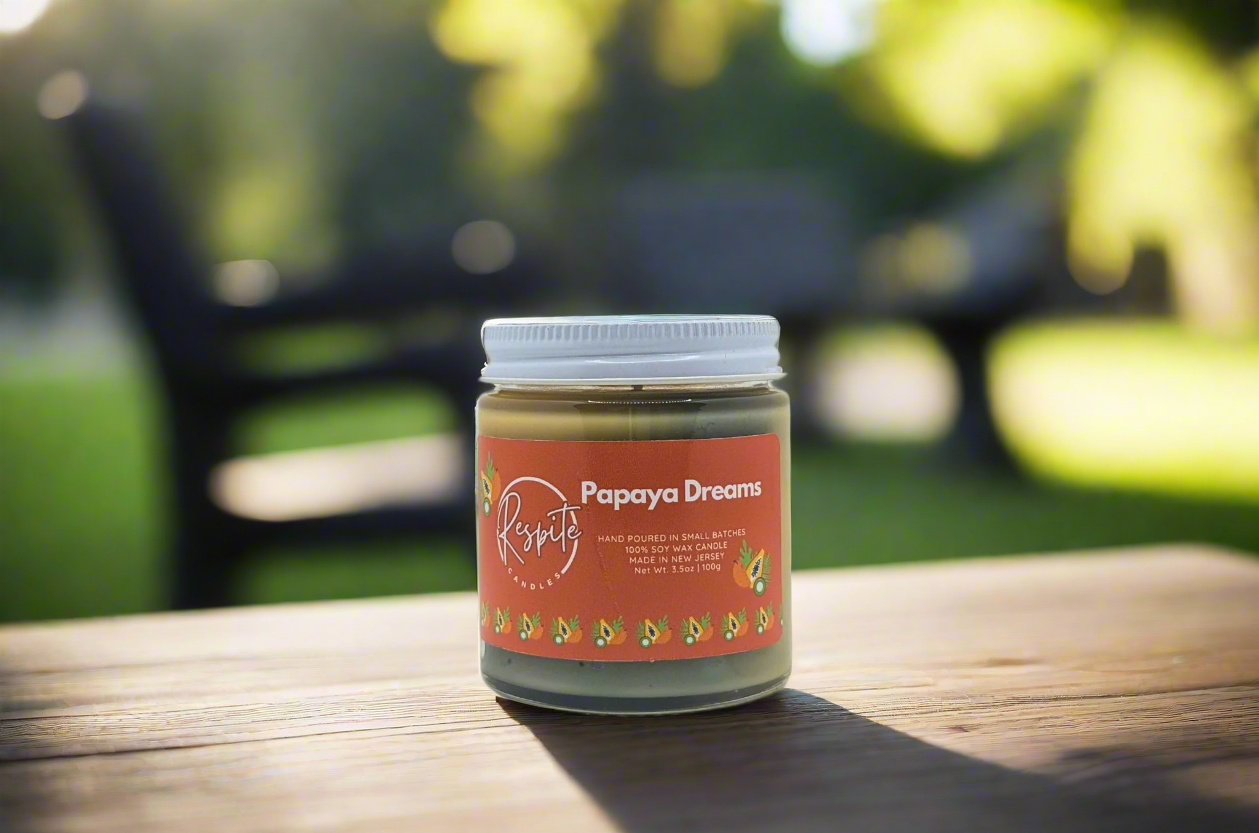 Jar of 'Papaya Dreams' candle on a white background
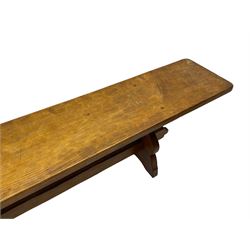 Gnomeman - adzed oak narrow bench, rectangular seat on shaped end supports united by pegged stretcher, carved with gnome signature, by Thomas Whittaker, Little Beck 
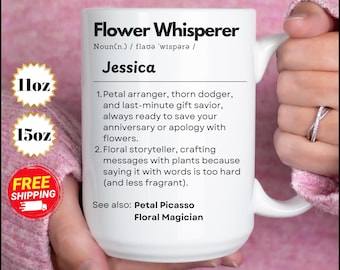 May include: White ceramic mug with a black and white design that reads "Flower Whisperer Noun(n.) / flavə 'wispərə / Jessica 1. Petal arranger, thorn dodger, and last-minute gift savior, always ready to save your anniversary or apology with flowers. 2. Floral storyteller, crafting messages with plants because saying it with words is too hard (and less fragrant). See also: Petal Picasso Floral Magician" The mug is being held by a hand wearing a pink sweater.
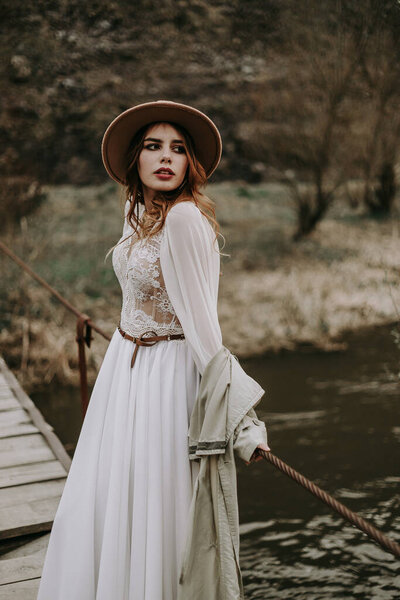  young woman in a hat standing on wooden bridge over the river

▶ [Work request] Stop at the line containing "Gnomeman - adzed" and include it. Everything from the first line of the material up to there is to be repeated exactly, leaving out pictures.

▶ [Task solution]
 Jar of 'Papaya Dreams' candle on a white background
 Gnomeman - adzed oak narrow bench, rectangular seat on shaped end supports united by pegged stretcher, carved with gnome signature, by Thomas Whittaker, Little Beck 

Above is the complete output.